Now I see what I can do to live in peace, direction and serenity.
I see more clearly God’s love for me and I strive to place “the affections of my heart” on God…first.
I see that happiness is an “inside job.”
As I have learned to surrender the things I cannot change and hold boundaries that express love for God, myself and others, I begin to see the program work in my life.
Now in my attempt to be honest and true to myself, I make my own Valentine’s Card for my husband. I can with honesty list the good qualities that he has, (many of the reasons that I married him). I appreciate his generous and gentle nature. He is a hard worker and can figure anything out. He plays guitar and sings beautifully. And in recovery he is a courageous and strong man with a warrior heart.
Is he perfect? No.
Am I? Not by a long shot!
Are we still working on our relationship? Yes. And we hope to continue to strive for many years to come.

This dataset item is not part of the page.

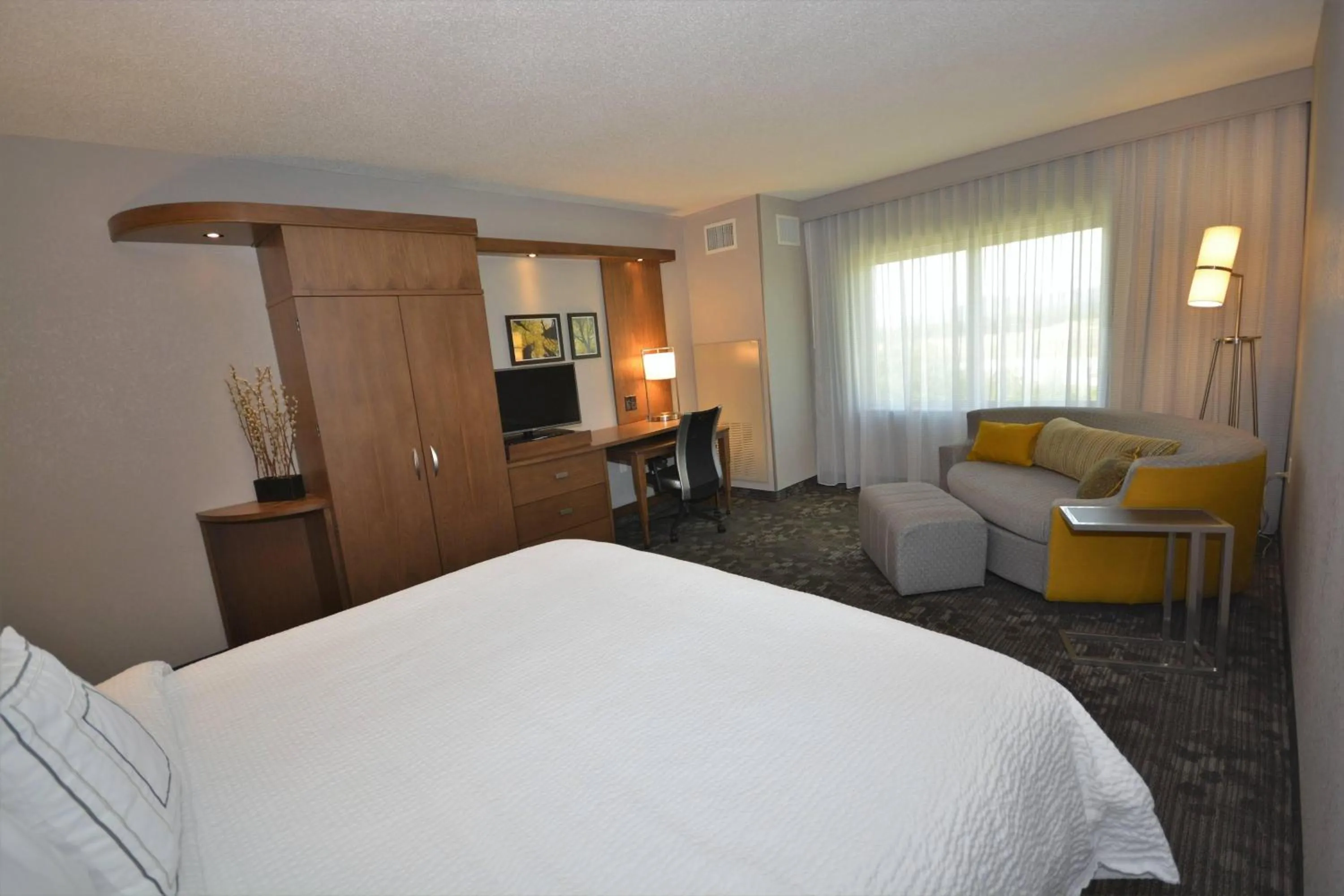 Photo of the whole room, Bed in Courtyard by Marriott Asheville Airport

So back to Valentine’s Day. I will see the good but not pretend. Expectations are good but I will not have expectations that someone has to fulfill to make me happy. Something I have learned is that expectations become a problem for me when I think my expectations are my husband’s and I expect my husband to fulfill my expectations.
On this Valentine’s Day I will love God first, then I will look for the good and be the good in someone else’s life.
May you find peace and love in this day.
What a great article!! This is just what I needed going into tomorrow. Thanks Rhyll!!!
Thank you for all you share with us. And for staying on this path to give the rest of us HOPE. Love you and all the Experience Strength and Hope you have give me.
I totally second Bonnie! Thank you so much for your hope, strength and experience!!
Loving God first has giving me immense dividends!!
I love you and appreciate all the recovery work you do!!
The bit about expectation really resonates with me because while I understand that expectations can get me in trouble, I feel strongly that they still have a solid place in my recovery and progress. Expectations that someone else has to fulfill aren’t healthy. YES. Thanks for that!
I have been meaning to comment on this post all week. Even the very night after I read this post, I was presented with a triggering situation. Thanks to what I read here, I was reminded of my own responsibility to work my program and consciously choose to put GOD at my center instead of other people’s opinions and expectations. I could tangibly feel the anxiety and fear release from my muscles as I took some space, took some breaths, and put God back at my center. Once He was firmly back in place, I felt peace and safety. Thank you for reminding me again that serenity is always MY choice to make, regardless of others’ behavior.
YES! “And she lived happily one day at a time!” Amen!